At Naked Capitalism, Matt Stoller encapsulated Barack Obama and the reason so many people still believe in him despite his complete betrayal of what we thought of as Democratic Party principles once he took office:
Obama had shown this breathtaking tendency to con people as they knew they were being conned before, the most public time during the campaign being his cynical answer when he was asked about his promise to renegotiate NAFTA. He had said, when fighting for union votes with Clinton, “I will make sure we renegotiate (NAFTA).” Even as he said this, it turns out that campaign advisor Austan Goolsbee had gone to Canada to assure them this was a lie (sure enough, Obama’s trade policies are identical to Bush’s, or worse). And once the election ended, and Obama was asked about his broken promise by a reporter, he gave the following answer.
“This is fun for the press to try to stir up whatever quotes were generated during the course of the campaign,” President Obama said during his Transition in early December, when a reporter asked him about criticisms he and now-Secretary of State Clinton had made about each other’s foreign policy views.
“They’re your quotes, sir,” said the reporter, Peter Baker of the New York Times.

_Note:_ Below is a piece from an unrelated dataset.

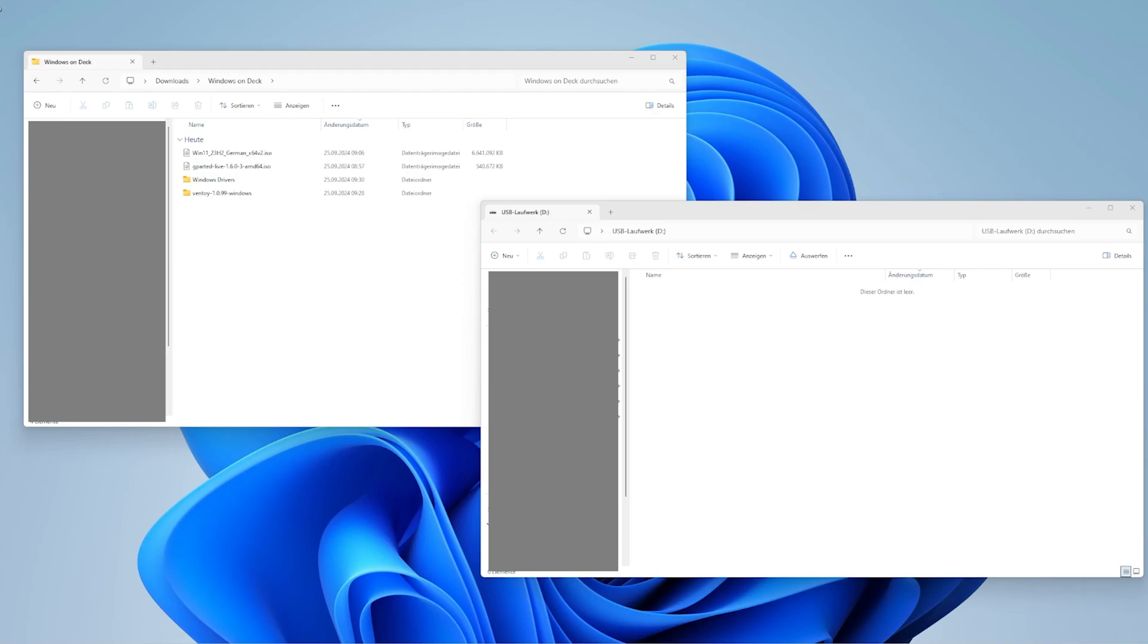To run both the GParted and Windows 11 ISOs from a single SD card without reformatting it multiple times, you'll need Ventoy, which makes the process much simpler.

“No, I understand. And you’re having fun,” Obama continued. “And there’s nothing wrong with that. I’m not faulting it.”
This is cynicism as art. It’s literally a Presidential candidate running on hope and change saying that campaign promises are a joke and a ruse.
The Source of Barack Obama’s Power to Trick Us Comes from Our Willingness to Be Tricked
What Obama did there, in the starkest way imaginable, is meet our expectations of what a politician will be. "Hah, hah! 'The politician is lying again.' Can't you guys find some new material?", he seems to be saying there. Far too many of us simply expect to be lied to, as if this were the only way things could possibly be.
If that's our expectation, then politicians will never have to do otherwise. There's a difference between accepting that such a thing is inevitable, and assuming it's going to happen some or much of the time. In the former case, then the politicians we elect will live down to our expectations. In the latter case, they might learn to be better.
This wasn't a case of a politician making a campaign promise he either figured he couldn't live up to, or a campaign promise that he tried to live up to, but couldn't. Here, candidate Obama had absolutely no intention of living up to what he said on the campaign trail. It was nothing but a bald-faced, cynical lie, and plenty of his adoring supporters went along with this because, at least in his case, they don't expect any better.
If you want the world to be better, and your leaders to be better, then start by expecting them to be, and voting them out when they aren't. Until you do, you're not going to get what you want. Unless, of course, you like being lied to.